In any case, we will not reach our full FI number by the time we move to Israel. Therefore, the only relevant question is…
How far into our journey to FI will we be by April 2026?
Based on my “regular” (which is more like a worst-case) scenario, we expect to be 48.36% FI by April 2026. We are still hovering around (/ just under) 50% mark. I think it’s going to be very close to that benchmark in the end.
As a reminder, this number is based on our UK level of expenses. I don’t know how expensive Israel will be. We’ll need to track our expenses for a few months there to get a better understanding. Also, I will have to learn all the little local tricks (like I learned in the UK) on how to save money, get free stuff, and reduce my tax bill.
The April 2026 model assumptions
My model assumes that only our ISAs, LISAs and pensions (essentially, our stock/equity investments) will generate an annual real return of 4%. Meanwhile, I assume our real estate and cash will retain their real value but not increase.

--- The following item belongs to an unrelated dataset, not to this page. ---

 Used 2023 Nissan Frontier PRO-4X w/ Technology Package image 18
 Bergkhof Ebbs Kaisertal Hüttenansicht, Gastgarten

In addition, I assume no future income from teaching as I can’t reliably forecast how much I’ll earn from this side hustle. That means any future income from teaching will be treated as a pleasant surprise.
Another future income I ignore is my job’s annual bonus. Just like teaching, any future bonus is not guaranteed. That means that if my employer has a bad year, the bonus can potentially be 0%. My model assumes every year (from 2023 onwards) is such a year. Again, any bonus that does come through will be treated as a pleasant surprise.
I know these assumptions are very prudent but I prefer being prudent and positively surprised to “realistic” and having to deal with unforeseen issues.
Well, that’s our October 2022 results, have a great weekend everyone!
*CPIH- “Consumer Price Inflation including owner-occupiers’ Housing costs”. As we are consumers and we own our home- I think this is the best inflation metric for us. You can see the changes in the index here.
** You might get a slightly different number (by 0.01%,). That’s due to rounding. The numbers I share are the accurate ones, the equations are so that you understand the way I calculate the numbers.